The morning began with a shuttle ride into the area where we would be filming. During the shuttle over, the key grip tapped me on the shoulder, “Have you worked with Mr. Beelzebub before?” I innocently reply “No, why?” This causes a gasp from the rest of the crew as if I had just said I had stewed puppies for breakfast. “Well, he’s quite the legendary screamer, (he attempts to ease my worry)..but I think you can handle him.”
I arrive on set and there is an eerie Nightmare-on-Elm-Street tension. The day is not looking good. On my way to get a second breakfast burrito (I would clearly need the additional burrito karma) I met with the camera guys and they told me to steer clear of the director. There would be no slates, just stay out of the way, and the evil one will be free-rolling all day (the director will start filming at random). I stood in the wings as Freddie started to free-roll on the actors, ready to record the carnage.
I watched in horror as he savagely claimed his first victim. A poor production assistant was berated in front of the crew and clients. Personal remarks as to how fat this kid was went on and on to the point where I could tell the kid was about to cry. All because the production assistant/victim had brought an actor over to the client instead of to Mr. Evil.

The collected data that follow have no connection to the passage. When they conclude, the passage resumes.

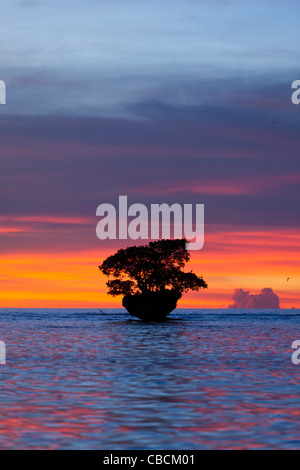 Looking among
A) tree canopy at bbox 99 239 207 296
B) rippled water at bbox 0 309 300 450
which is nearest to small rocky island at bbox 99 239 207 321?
tree canopy at bbox 99 239 207 296

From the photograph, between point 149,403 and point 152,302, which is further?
point 152,302

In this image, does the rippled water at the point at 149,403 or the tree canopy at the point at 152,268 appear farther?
the tree canopy at the point at 152,268

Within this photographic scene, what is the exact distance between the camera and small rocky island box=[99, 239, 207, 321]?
4744 inches

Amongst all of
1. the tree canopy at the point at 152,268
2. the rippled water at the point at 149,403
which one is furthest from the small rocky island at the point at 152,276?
the rippled water at the point at 149,403

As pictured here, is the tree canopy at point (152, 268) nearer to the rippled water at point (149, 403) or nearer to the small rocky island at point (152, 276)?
the small rocky island at point (152, 276)

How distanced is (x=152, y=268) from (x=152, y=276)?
1.28m

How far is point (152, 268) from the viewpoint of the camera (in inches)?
4813

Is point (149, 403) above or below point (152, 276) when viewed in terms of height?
below

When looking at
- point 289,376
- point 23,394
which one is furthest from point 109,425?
point 289,376

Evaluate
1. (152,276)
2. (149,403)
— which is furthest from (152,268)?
(149,403)

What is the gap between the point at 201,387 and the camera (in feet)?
96.3

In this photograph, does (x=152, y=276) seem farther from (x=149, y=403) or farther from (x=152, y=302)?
(x=149, y=403)

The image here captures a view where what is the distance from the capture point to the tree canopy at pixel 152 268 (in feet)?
398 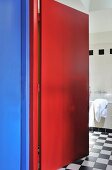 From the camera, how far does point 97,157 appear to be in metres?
2.89

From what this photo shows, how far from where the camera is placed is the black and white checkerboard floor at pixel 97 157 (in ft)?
8.57

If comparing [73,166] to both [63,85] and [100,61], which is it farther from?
[100,61]

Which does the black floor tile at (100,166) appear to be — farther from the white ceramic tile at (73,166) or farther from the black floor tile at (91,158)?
the white ceramic tile at (73,166)

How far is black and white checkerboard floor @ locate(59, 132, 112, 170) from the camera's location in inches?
103

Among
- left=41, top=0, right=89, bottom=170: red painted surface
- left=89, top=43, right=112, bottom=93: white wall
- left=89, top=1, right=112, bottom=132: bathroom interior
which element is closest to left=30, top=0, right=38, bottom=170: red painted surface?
left=41, top=0, right=89, bottom=170: red painted surface

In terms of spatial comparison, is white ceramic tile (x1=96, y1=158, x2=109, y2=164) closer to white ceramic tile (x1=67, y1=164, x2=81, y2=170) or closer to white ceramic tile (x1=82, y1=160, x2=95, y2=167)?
white ceramic tile (x1=82, y1=160, x2=95, y2=167)

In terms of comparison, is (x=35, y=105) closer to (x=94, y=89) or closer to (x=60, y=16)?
(x=60, y=16)

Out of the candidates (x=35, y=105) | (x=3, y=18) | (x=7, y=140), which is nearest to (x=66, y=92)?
(x=35, y=105)

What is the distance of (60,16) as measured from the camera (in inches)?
93.8

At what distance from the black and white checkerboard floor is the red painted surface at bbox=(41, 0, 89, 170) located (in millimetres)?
102

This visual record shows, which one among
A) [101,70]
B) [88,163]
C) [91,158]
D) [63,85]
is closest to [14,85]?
[63,85]

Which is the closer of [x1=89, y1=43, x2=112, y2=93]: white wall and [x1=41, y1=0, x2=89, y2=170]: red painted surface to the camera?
[x1=41, y1=0, x2=89, y2=170]: red painted surface

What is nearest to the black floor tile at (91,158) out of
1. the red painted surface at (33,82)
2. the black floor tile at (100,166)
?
the black floor tile at (100,166)

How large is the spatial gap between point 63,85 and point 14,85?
876 mm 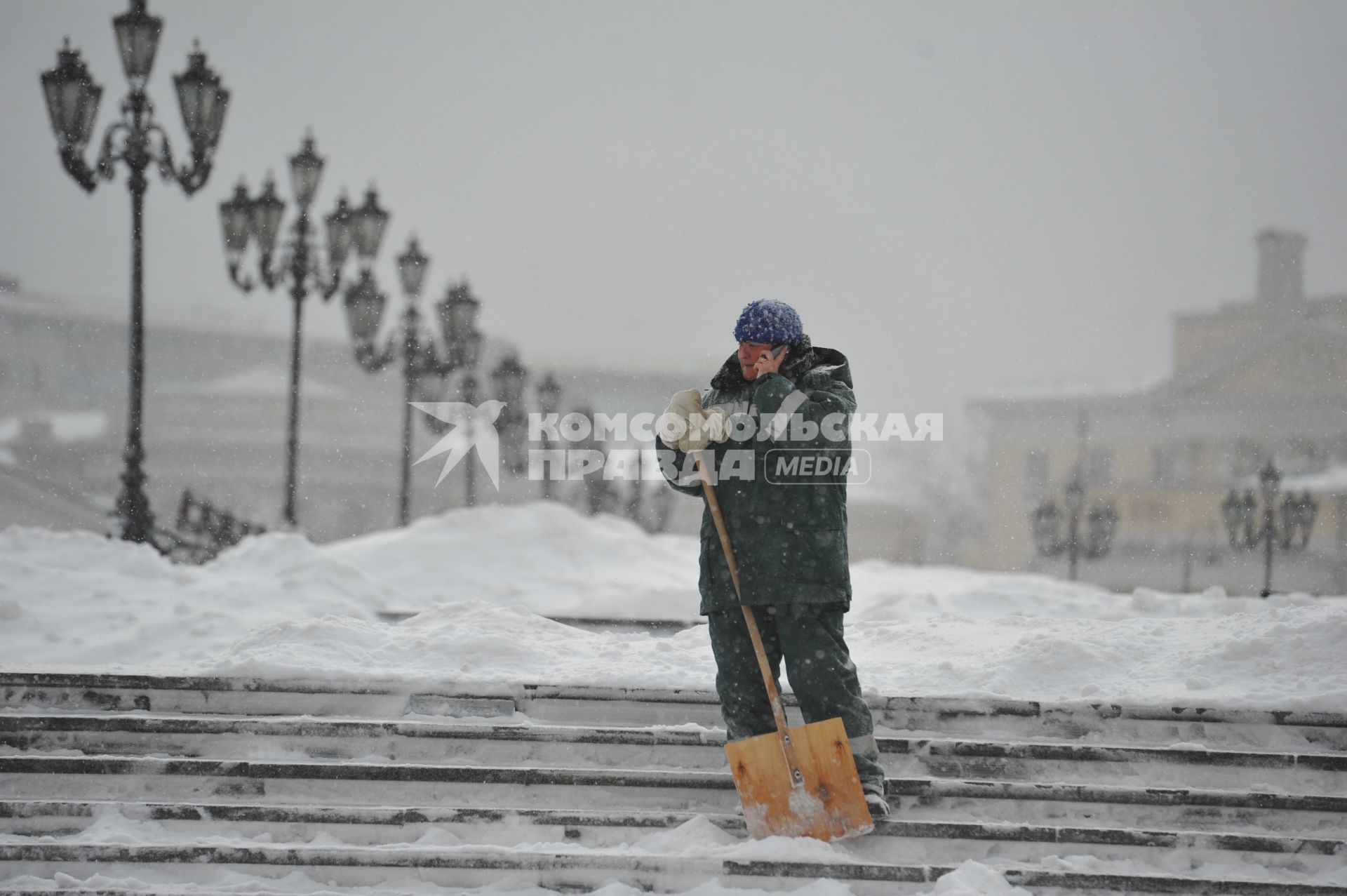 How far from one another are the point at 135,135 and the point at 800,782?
8.91 meters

Now there was blood in the water, he was going to go into a frenzy at any moment. Then he turned around and his yellow eyes fell on me. “Why are you over there!” He yelled. Then chuckled to his camera guys, “It’s like she’s scared or something! Get over here!”
I obey and ran over to him.
“Have you timed the copy?” He demanded.
I called upon the power of the burrito. “Yes.” I replied.
“Well?” He demanded.
I responded as the sulfur fumes burned my eyes. “For each 30 second spot there is only a short amount of dialogue,” I tell him. “You have lots of air, the dialogue only lasts 7 seconds.”

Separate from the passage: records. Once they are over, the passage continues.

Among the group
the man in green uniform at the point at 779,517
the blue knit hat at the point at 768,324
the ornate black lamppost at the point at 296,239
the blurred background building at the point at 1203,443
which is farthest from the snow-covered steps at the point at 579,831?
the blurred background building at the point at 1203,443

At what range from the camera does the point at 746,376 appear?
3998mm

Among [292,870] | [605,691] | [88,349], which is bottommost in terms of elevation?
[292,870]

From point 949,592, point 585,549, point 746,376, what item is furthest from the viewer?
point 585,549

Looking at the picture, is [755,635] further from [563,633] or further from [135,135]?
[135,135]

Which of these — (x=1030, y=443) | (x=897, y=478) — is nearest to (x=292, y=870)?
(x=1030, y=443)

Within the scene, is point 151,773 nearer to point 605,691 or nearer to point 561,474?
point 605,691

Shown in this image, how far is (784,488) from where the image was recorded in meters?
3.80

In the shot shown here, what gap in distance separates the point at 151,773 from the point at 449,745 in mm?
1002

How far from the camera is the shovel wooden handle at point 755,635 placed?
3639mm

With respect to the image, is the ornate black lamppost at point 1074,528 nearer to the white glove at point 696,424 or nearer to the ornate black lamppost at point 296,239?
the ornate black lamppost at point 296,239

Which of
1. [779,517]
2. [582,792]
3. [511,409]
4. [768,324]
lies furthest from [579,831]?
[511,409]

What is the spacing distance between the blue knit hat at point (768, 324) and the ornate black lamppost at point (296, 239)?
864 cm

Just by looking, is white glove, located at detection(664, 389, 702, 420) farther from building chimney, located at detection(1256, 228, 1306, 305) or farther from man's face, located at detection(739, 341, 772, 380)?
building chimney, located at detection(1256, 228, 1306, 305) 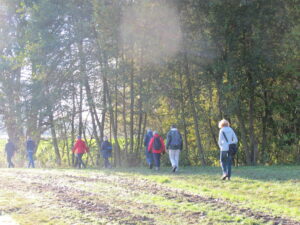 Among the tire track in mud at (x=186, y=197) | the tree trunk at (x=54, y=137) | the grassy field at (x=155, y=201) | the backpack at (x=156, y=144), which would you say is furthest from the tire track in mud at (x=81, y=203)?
the tree trunk at (x=54, y=137)

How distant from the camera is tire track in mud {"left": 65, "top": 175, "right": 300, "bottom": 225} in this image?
23.5ft

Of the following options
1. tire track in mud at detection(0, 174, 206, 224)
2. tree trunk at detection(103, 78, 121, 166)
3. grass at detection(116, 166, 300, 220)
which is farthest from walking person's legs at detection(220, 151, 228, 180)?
tree trunk at detection(103, 78, 121, 166)

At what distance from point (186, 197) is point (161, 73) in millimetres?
13375

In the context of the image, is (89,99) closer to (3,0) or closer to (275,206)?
(3,0)

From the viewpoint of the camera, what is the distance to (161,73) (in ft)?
72.4

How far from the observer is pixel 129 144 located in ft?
82.1

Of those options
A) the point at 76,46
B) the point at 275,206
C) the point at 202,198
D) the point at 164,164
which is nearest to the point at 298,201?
the point at 275,206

A pause, “You are correct.”
I survived the first test. I continued to stand in the wings but Mr. Evil and the camera guys backed up to the point where I was close enough for him to notice me again.
Mr. Vile looked at me and screamed, “How tall are you?”
I reply “5’2”
He turned to his assistant and said, “Measure her!”
The camera assistant dutifully measures me to be 5’4”. Seeing an opening he goes in for his second kill, “You don’t even know how tall you are!”
I parry with “I’m wearing shoes,” and I pointed to my new red sneakers.
He laughed, “You’re wearing fu**king new shoes, I bet you just bought them!”
“Yes, I bought them on the way here this morning just for you” I smart back, (the burrito karma apparently interfered with my ability to filter.)
He laughed and turned to the A.D. “Keep her by me all day!” This caused the camera assistant’s head to snap back to me in shock. “Wow, he never wants script supervisors around. He usually tells them to F off and don’t hang around.” I start to envy those script supervisors.
So, the A.D. did as told, and kept me near as Mr. Vile began to feed on the actors. “Don’t do that, that’s stupid. Don’t act; you don’t know how to do it. Why did you do that? You’re a retard. If you can’t handle your props go home! Oh, the humanity.
As we did our turnaround he screamed, “Eyeline?” I know he’s just testing me. I reply “Camera right.” And since that was the correct answer I was able to live for another take.
As we continued through the day, Director Vile yelled at crew, harassed the clients, and preyed on young P.A.'s. It was exhausting, I could see the worry on everyone's face, would they be next. At one point a woman from the agency walked up to me with deep concern "Is he being nice to you?" I smiled and said "Yes." It's true, I had not suffered as much as others.
During the last scene I made a bet in my mind if he would make the actress cry before the end of the day. She looked as though she might cry at any second so the odds on crying were even money..but then there was a microscopic chance she would be above him and not show her fear. She looked as if at one point she might succumb but she dug deep, kept it together, did as he asked and never cried. I was very proud of her!
At wrap after Mr. Evil had left the building it was as if the crew had all experienced a trauma. We all had to recount our experiences, lucky that we had survived.
I learned a few things that day, being a smart ass can pay off, always trust the power of a good breakfast burrito , and I’m 5’4” in my sneakers.